Who pays the refugee's transportation costs to arrive in Canada?

Depending on the country they may or may not be living in Refugee Camps but will be registered with the UN High Commission of Refugees (UNHCR). Once selected by the government of Canada, the refugee will receive a government issued Transportation Loan. Transportation is then arranged by the International Organization of Migration (IOM). Refugees are able to ask the government of Canada for a loan deferral but they are expected to re-pay the loan once they have re-settled and find employment. Often sponsor groups pay for the transportation costs (which can be quite high especially for a large family) but this is not part of the legal obligation of $27,000.

The Government of Canada has agreed to issue a grant to cover travel costs – but only for refugees from Syria. The Canadian Council on Refugees, among others, is advocating that travel costs for all refugees be covered by grants.

What are the legal responsibilities of the sponsors?

They are responsible for ensuring the minimum funds are raised and made available to the family (if needed). The legal responsibility ends after 1 year. We recommend a minimum of five families sign the agreement.

In the news it was reported that there are not enough Syrian families being processed. Will we actually get a family? Are there enough families?

In light of recent news we are extremely hopeful that Syrian refugees will be processed more quickly by the Canadian government. Even if you raise the funds in the next two weeks it COULD take up to a year to greet the family at the airport.

When do the pledges need to become actual dollars?

Each Sponsorship Agreement Holder will have their own rules about how much actual money needs to be available before submitting an application to the Ministry of Immigration, Refugees and Citizenship.

What kinds of setbacks are SAHs experiencing?


When do we connect with a SAH?

You do not have to wait until you have the full amount of money raised to connect with a SAH or Constituent Group. It can be extremely useful to connect early in the process, before doing fundraising because many SAHs or Constituent Groups will have infrastructure to support your work; it is desireable that funds go directly to a recognized agency with the capacity to sponsor.

Who is responsible for health care costs for the family's first year?

Thanks to recent policy decisions, extended health care benefits are available for all refugees through the Interim Federal Health Program. It covers for example, prescription drugs, eye wear and basic dental care.

What are the responsibilities of the sponsors both legal and non-legal?

For a full list of responsibilities visit the CICs website and search for “The Undertaking Form” and look under section G. It does seem the main one is the providing $27,000 of financial support for the first 12 months. If sponsors fail to provide this and the family accesses Social Assistance at any time within the initial 12 months – the folks who signed the agreement are responsible for re-paying the assistance received to the Government of Canada.

Sponsors are encouraged to do or help with the following:

  • Welcome at the airport
  • Arrange for temporary housing (please leave up to the family to find their own permanent housing)
  • Help find permanent housing
  • Apply for a health card
  • Enroll in English Classes (if needed)
  • Connect with Settlement Agencies
  • Access Health Care Services (doctor, dentist)
  • Enroll Children in School
  • Apply for Social Insurance Card
  • Open Up Bank Account
  • Find A Job
  • Apply For Child Tax Benefit
  • Provide Emotional and Moral Support

What are the sponsors not responsible for?

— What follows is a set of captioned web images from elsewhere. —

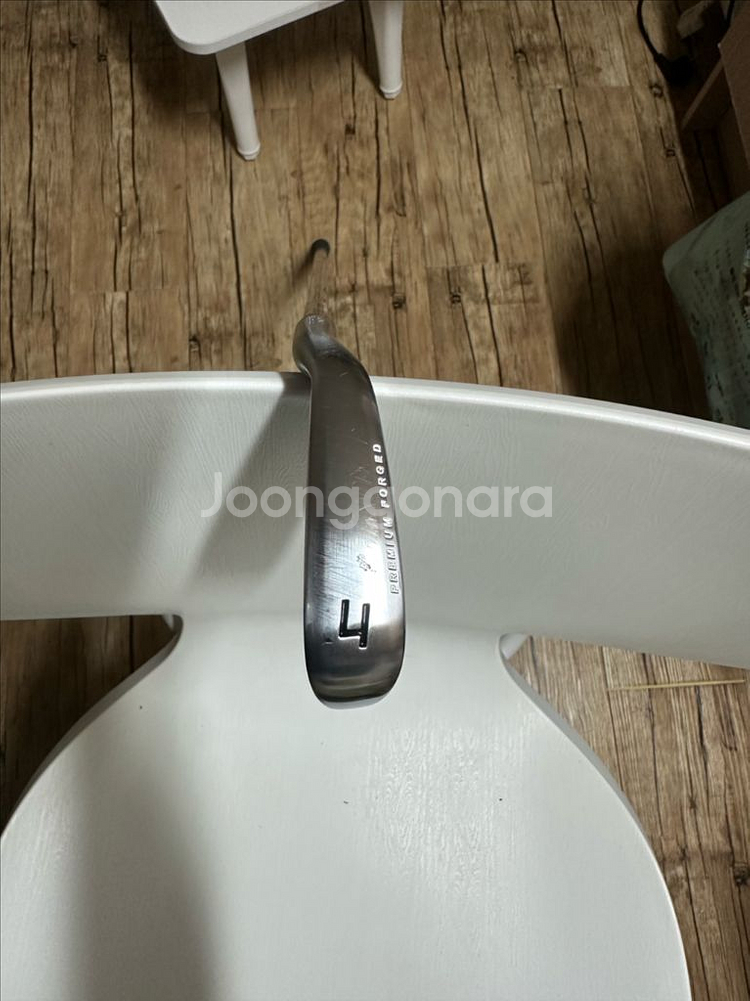 V300 9세대 4번 아이언 950R--0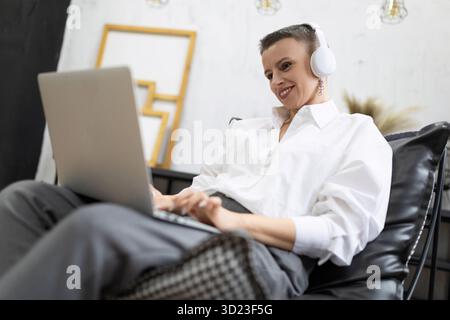 Lavoratrice freelance di successo che lavora da casa in un'atmosfera accogliente Foto Stock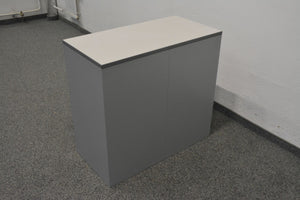 Lista Office Storage Lateralschrank für 2 Ordner-Reihen 800mm breit - mit Schlüssel - Metall - RAL 9006 Weissaluminium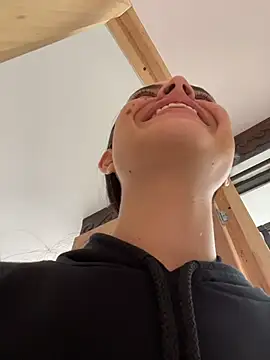 HannaRhodes online show from October 16, 1:47 pm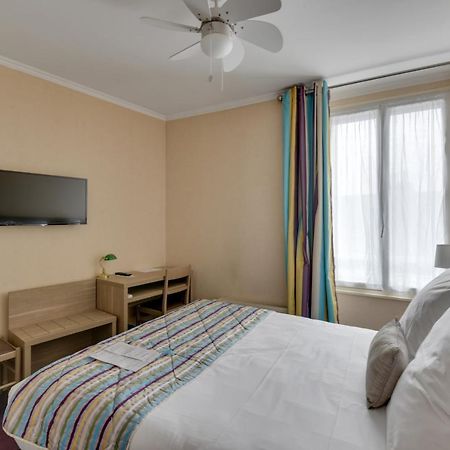 אנז'ה Hotel De L'Europe מראה חיצוני תמונה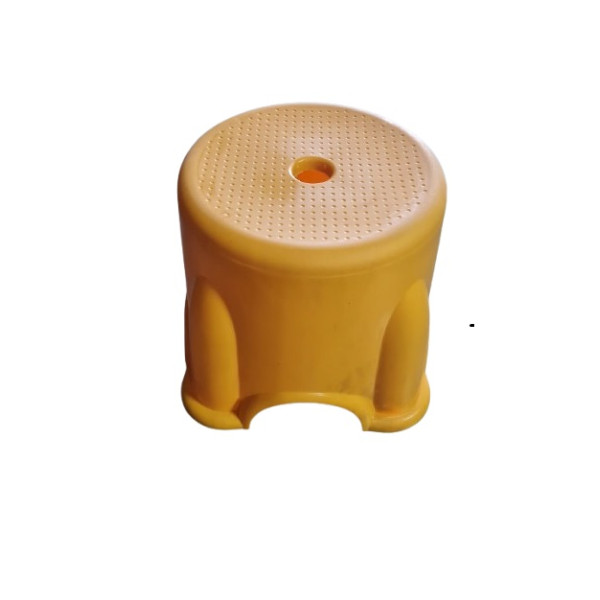 Scaun din plastic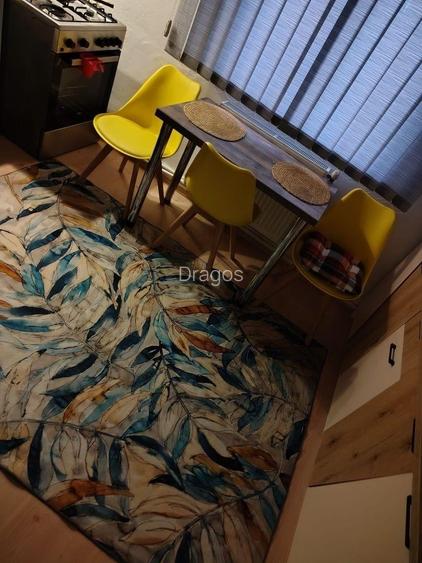 Vând apartament 3 camere decomandat 1 Mai!!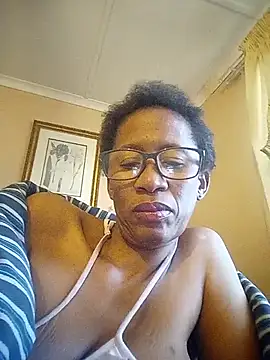 bustybillies online show from November 4, 2025, 2:21 pm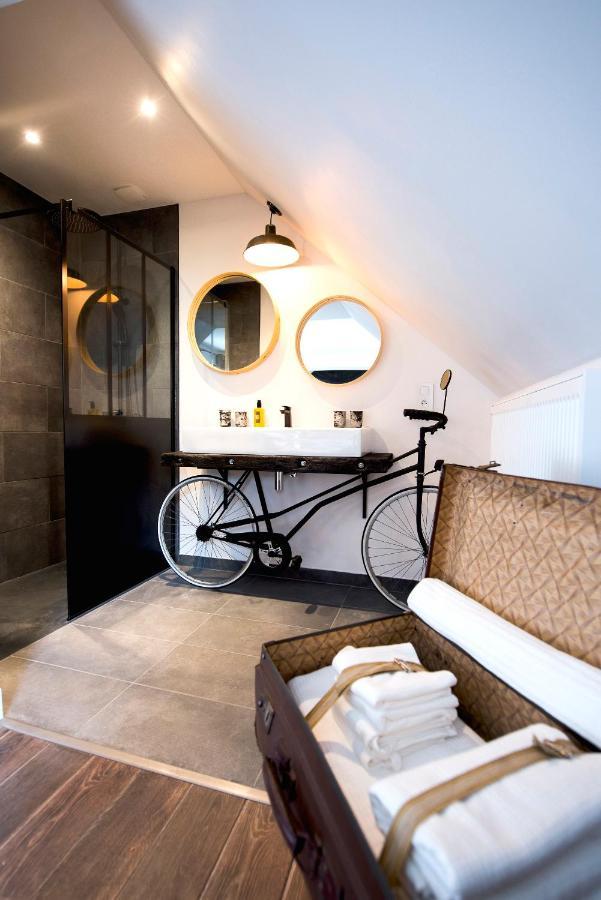 La Petite Valise Hotel Ploudalmezeau Bagian luar foto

Sponsors are not responsible for any debt the family incurs so long as they have made the agreed-upon financial support available in the first 12 months. They are not responsible for any criminal activity on the part of any family member.

What can I expect overall as a sponsor?

There are a number of excellent handbooks available that provide an overview of the process and helpful information for each stage. We recommend in particular the handbook of the Refugee Sponsorship Training Program and the handbook of Lifeline Syria.